The bill is expected to be reintroduced in both the House and the Senate in the next session of Congress and have committee hearings. The Act to Save America’s Forests could go a long way towards correcting a century of abuses and degradation of our public forest ecosystems and put them on a pathway towards ecological recovery and restoration. It deserves support of all of us.
Monday, November 3, 2008
Do rangelands need to be grazed?
Here's a response I wrote to a student who had read my Is Ranching Sustainable article and challenged me suggesting that since bison once grazed the West, our rangelands "need" to be grazed. It's a common argument, and one heard often from ranching advocates. His original email to me is below my comments.
Alex:
Thanks for writing. Glad to see you are thinking about these things to some degree and that you are curious enough to look at it further. I think if you look into this issue more, you might find that the conclusions need greater refinement.

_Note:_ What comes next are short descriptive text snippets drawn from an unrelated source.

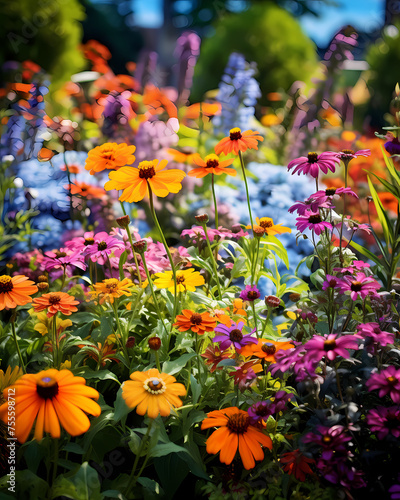 Colorful flowers are blooming in a garden.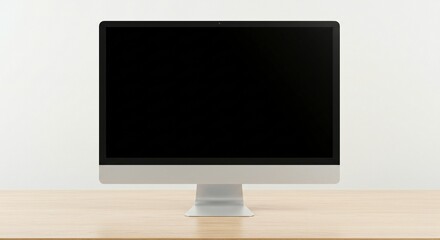 Modern desktop computer with blank screen on a wooden desk for mockup or display purposes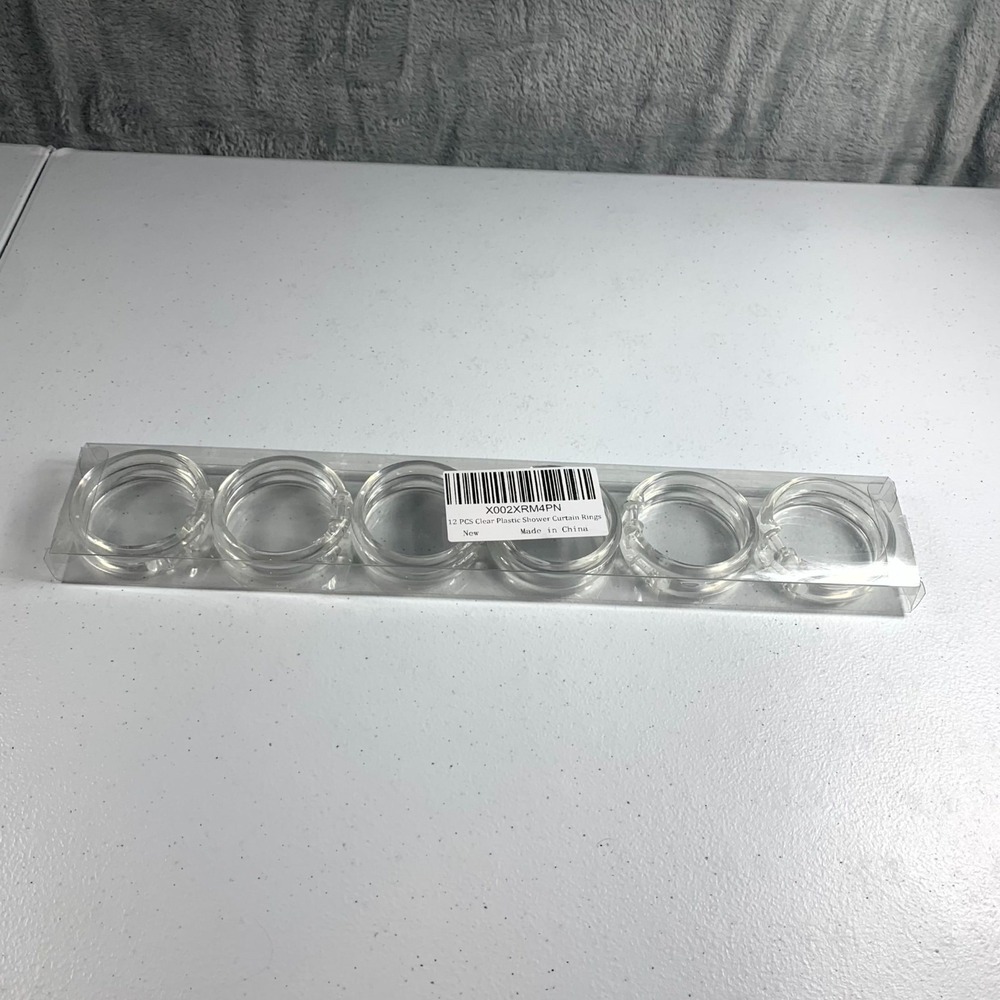 Clear Plastic Shower Curtain Rings Hooks Snap Close‎ For Bathroom - Set of 12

You raise the point about cattle replacing bison. I have an article on my blog (Wuerthner on the Environment) about that issue and it goes into more details, but bison are no more the same as cows as polar bears are the same as black bears--though obviously they are related. Cattle evolved in moist woodlands (like Georgia or Alabama) in Euro Asia. They have a host of evolutionary features that makes them unsuitable for western rangelands. Bison on the other hand have many features that makes them better adapted to the arid west. For instance, bison move all the time--whether they run out of food or not. They naturally spread their grazing impact over a much larger area. The hump gives them a fulcrum point that permits them to canter for long distances with little energy out put. Cattle are far less mobile not to mention that we have bred them to be fat and lazy. Bison can digest much less nutritious forage than cattle meaning they don't need hay produced by drawing western rivers for irrigation. Bison are better able to fend off predators meaning we don't need to kill predators like wolves because bison are perfectly capable of defending themselves. Etc. etc. etc.
So the assumption that we can replace bison with cattle is like suggesting that if polar bears were driven to extinction, we could move a bunch of black bears up to the ice floes and they would figure out to survive and eat seals. The only way we could raise black bear on the polar seas is with huge subsidies--both environmentally and economic--which is the only reason that ranching survives in the West.

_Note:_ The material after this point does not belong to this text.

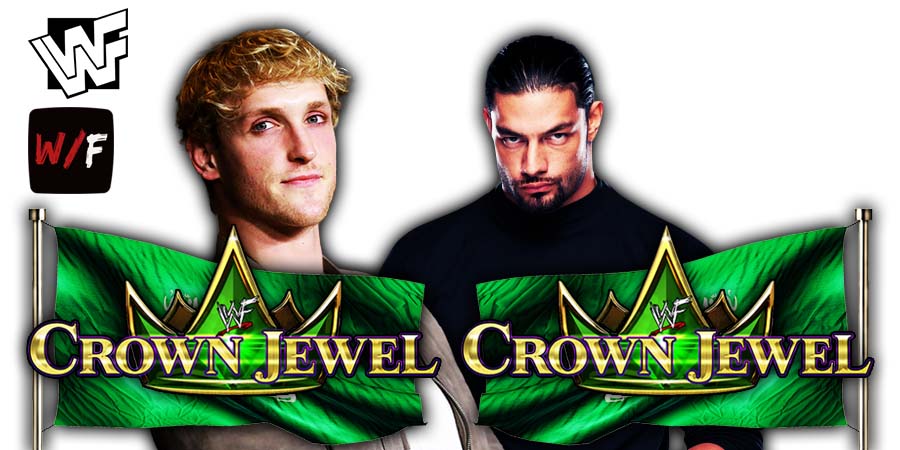 Logan Paul vs Roman Reigns Crown Jewel WrestleFeed App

But beyond that point, you may not be aware that most of the West's public lands were never grazed by large herds of grazing animals. Bison were found all the way to the East Coast, but they were seldom found west of the mountain front in the West. I.e. they were found on the plains of Colorado, Wyoming, Montana, etc. but not beyond. Most of the public land in the West lies west of the mountain front in Nevada, Idaho, Utah, Arizona, eastern Oregon, California, and so on. There were no large herds of bison in these places. (There are a few exceptions to this which again I won't get into here, but as a generalization, most of what is now public lands was outside of the normal range of bison. So cattle are not replacing bison, and more importantly, the plants that live in these parts of the West do not tolerate grazing pressure.
The Great Plains is a different story, but that is not where the bulk of public lands allotments are located.
Third, even at the levels of stocking that are done today, ranching isn't surviving in this region. What is surprising to most people to learn is that most of our beef is not produced in the West, and particularly not on public lands, but in the East. Virginia produces more beef than Wyoming--the Cow Boy State, and Florida has more cows than New Mexico, Arizona, Utah and Nevada combined. There is more beef raised in tiny Vermont than on all the public lands in Nevada. The reason? The West is a very unproductive place, particularly the public lands. These are generally the driest, most rugged, and least productive lands in America. You can feed a cow on a few acres in Georgia that would require several hundred acres of land in dry Nevada to sustain the same cow.
The point is that the West is too arid to support economically viable livestock production. Even the private lands in the West--which on the whole are more productive than public lands, can't sustain viable ranching operations. And that was the major point of the essay you read.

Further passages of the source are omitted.